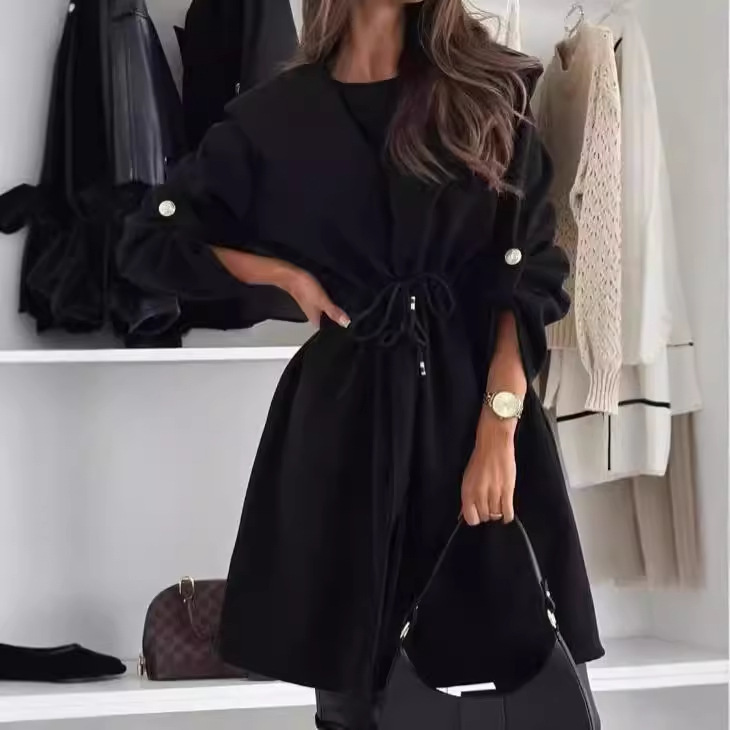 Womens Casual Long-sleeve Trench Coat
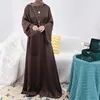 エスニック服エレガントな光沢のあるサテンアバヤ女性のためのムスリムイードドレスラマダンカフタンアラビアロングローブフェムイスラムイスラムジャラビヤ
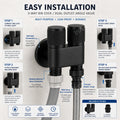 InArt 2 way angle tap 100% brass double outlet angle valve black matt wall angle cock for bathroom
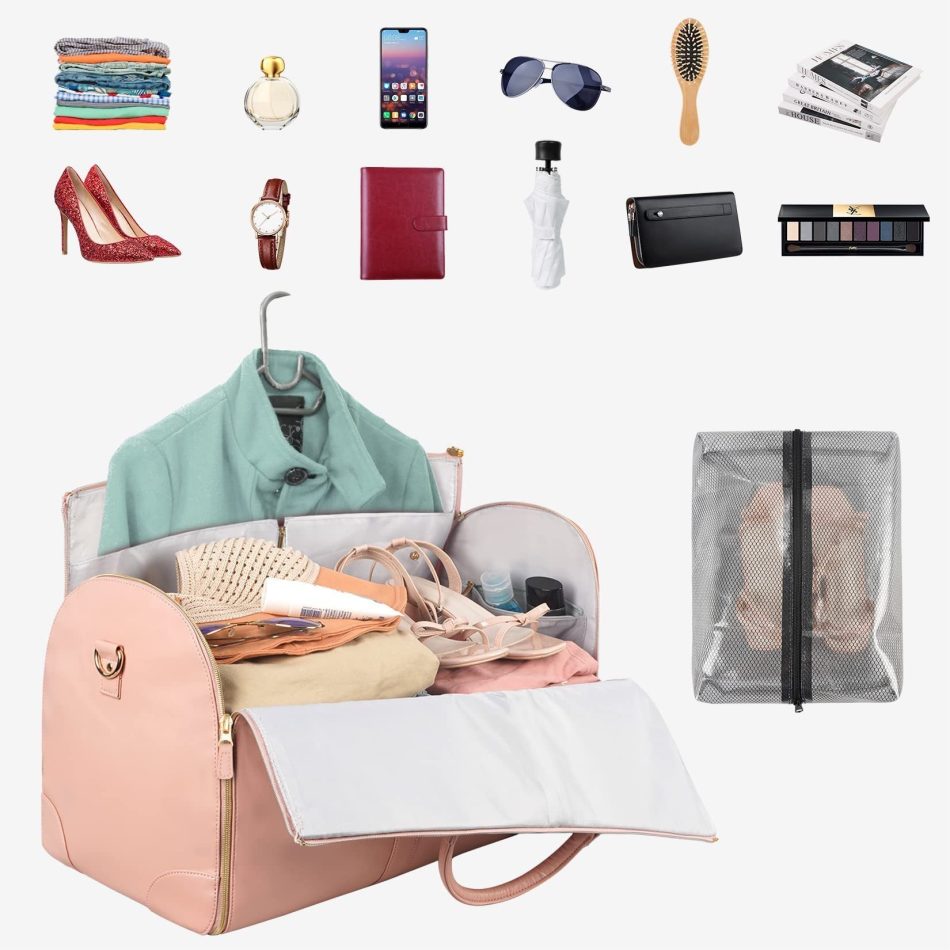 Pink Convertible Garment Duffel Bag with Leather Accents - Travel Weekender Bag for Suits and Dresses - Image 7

---

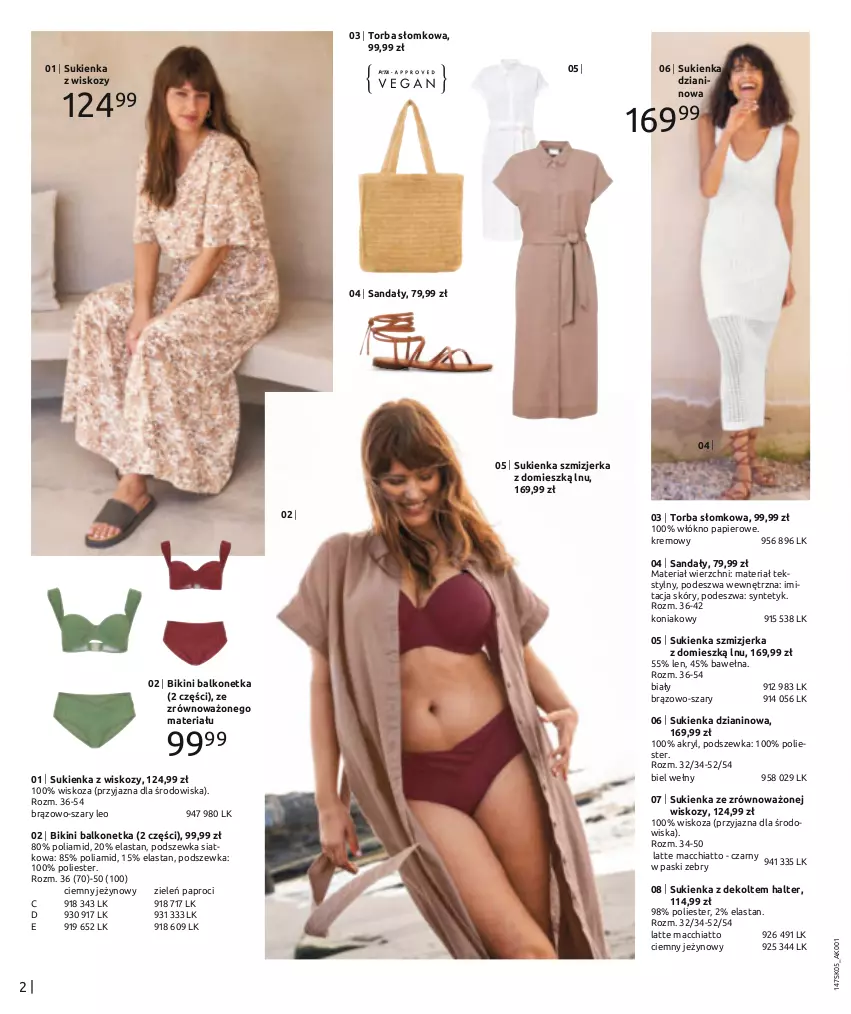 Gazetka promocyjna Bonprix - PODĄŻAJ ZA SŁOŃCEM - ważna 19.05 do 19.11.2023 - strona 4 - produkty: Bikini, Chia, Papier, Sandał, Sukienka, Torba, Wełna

Exercise details: In the listing above, the required lines run from the line with "Womens Casual Long-sleeve Trench Coat" through the line with "Pink Convertible Garment". Output exactly those lines, omitting pictures.

Solution for this task:
 Womens Casual Long-sleeve Trench Coat
 エスニック服エレガントな光沢のあるサテンアバヤ女性のためのムスリムイードドレスラマダンカフタンアラビアロングローブフェムイスラムイスラムジャラビヤ
 InArt 2 way angle tap 100% brass double outlet angle valve black matt wall angle cock for bathroom
 Pink Convertible Garment Duffel Bag with Leather Accents - Travel Weekender Bag for Suits and Dresses - Image 7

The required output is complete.